Swallow

Swallow (2020)
Directed by Carlo Mirabella-Davis

Released earlier this year, Swallow is a movie I feel odd even writing about for this website. The early trailers and posters I saw for this film presented it, unquestionably, as a horror movie about a young woman who develops the eating disorder pica, a real disorder wherein people eat things that have no nutritional value and can be harmful to them. When I watched the film, I didn’t immediately know what to make of it because the majority of the movie is what I would call an intense domestic drama, something that doesn’t immediately scream horror to me. Not to be a ‘basic bitch’ or anything, but I prefer my horror to be a bit more fantastical than what we see on display here. After briefly suppressing my desire to only watch movies about slashers and ghouls, I can now acknowledge that Swallow is a fine and well-crafted film.

Swallow is the story of a woman, Hunter, who marries into a wealthy family and becomes pregnant. Although she’s living in a lavish home and has all her basic needs met, Hunter quickly begins feeling trapped and out of control of her own life, which intensifies greatly when she becomes pregnant. As a coping mechanism, Hunter develops the eating disorder pica, and the rest of the film is the strange story of Hunter’s mental state, her odd backstory, and her attempts to regain her own agency.

Swallow is in a lot of ways an understated film. In some movies, this might be a weakness, but for Swallow, this is its greatest strength. Everything feels so mundane and matter of fact, particularly the scenes of abuse, which underscores the disgusting normalcy and commonplace nature of this type of emotional abuse. In the wrong hands, this type of plot could be another Lifetime movie in the week, an ‘I Married A Monster’ sort of deal, but Swallow isn’t that simple. Instead of a personal indictment of ‘oh look how shitty this person is’ there’s more of a cultural indictment, more of a statement about this type of person, or this class of people, as Hunter’s husband’s entire family engages in a practiced form of controlling behavior.

A message like that could become heavy-handed, but Swallow manages to avoid this by delivering quality filmmaking. Where Swallow really shines for me is visually, the use of visual storytelling here is excellent with so much of the story, and Hunter’s place in it, shown wordlessly through how the house where Hunter is living is presented. The prison-like atmosphere is clear but not overdone, and that avoidance of camp comes through perfectly with the performance of Haley Bennett, who brings gravitas and grounding that is essential for this movie to work. Luckily for Swallow, Bennett is excellent and keeps the film working and moving forward, even when things begin to unbalance in the third act.
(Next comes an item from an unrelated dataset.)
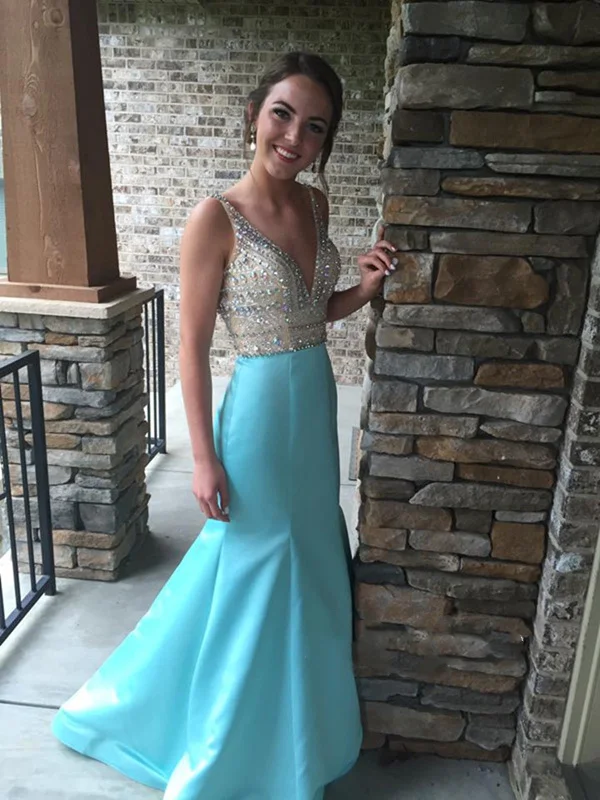 Gorgeous Light Blue Mermaid V Neck Backless Prom Dresses, V Neck Backless Evening Dresses With Beading Floral unclassified dresses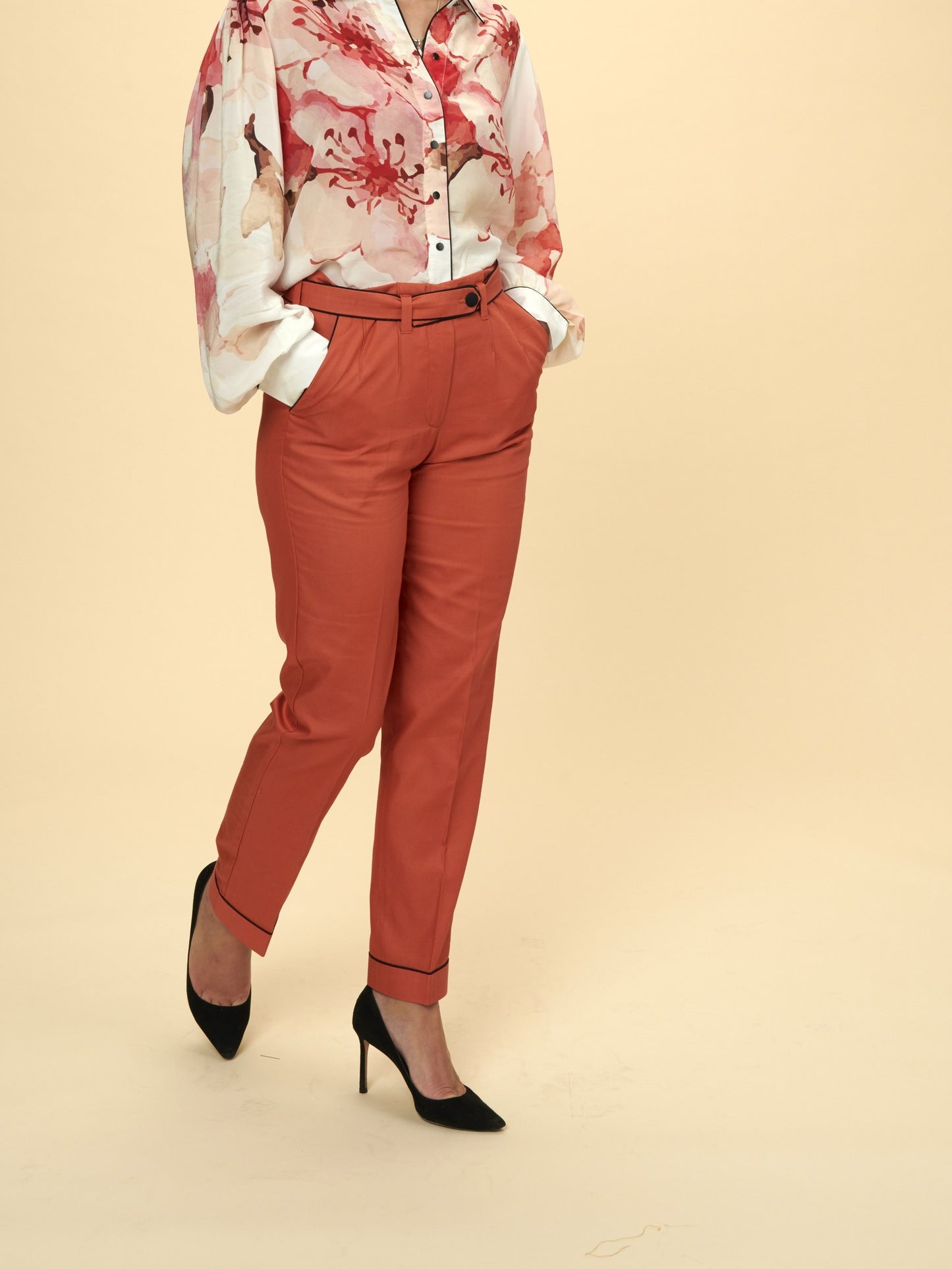 Formal Wear Trouser in bamboo, dark peach, by VALAJI MILANO.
Something I genuinely enjoyed about Swallow is that I never quite knew where the story was headed, especially when a slight twist takes the narrative in a puzzling direction that I’m still not sure if I enjoyed or not. Whether or not that one plot thread was good, I definitely liked where the story ended up and I found myself much more emotionally invested in Hunter than I expected to be and actually feeling that familiar horror-movie tension when everything began to come to a head. I wouldn’t exactly call the story deep, but it nails the emotional beats, and the emotional beats are what Swallow needed to make this story work so I guess that turned out for the best.

As far as real complaints go, the only thing I could really single out here is how the entire film hinges so strongly on Bennett’s performance. Most other aspects of the movie are somewhere between Fine and Good on the quality scale, but Bennett anchors Swallow so greatly that the film only succeeds because she is here. There are definitely things I liked about Swallow besides her, like the cinematography, set design, and the twisty third act, but with a less charismatic lead this may have all fallen into soap opera territory. Still, Bennett is here, she’s giving her all, and Swallow works. It’s not my typical fare, but I enjoyed Swallow and I would recommend it generally. If you’re into ‘domestic horror’ it is a must-see.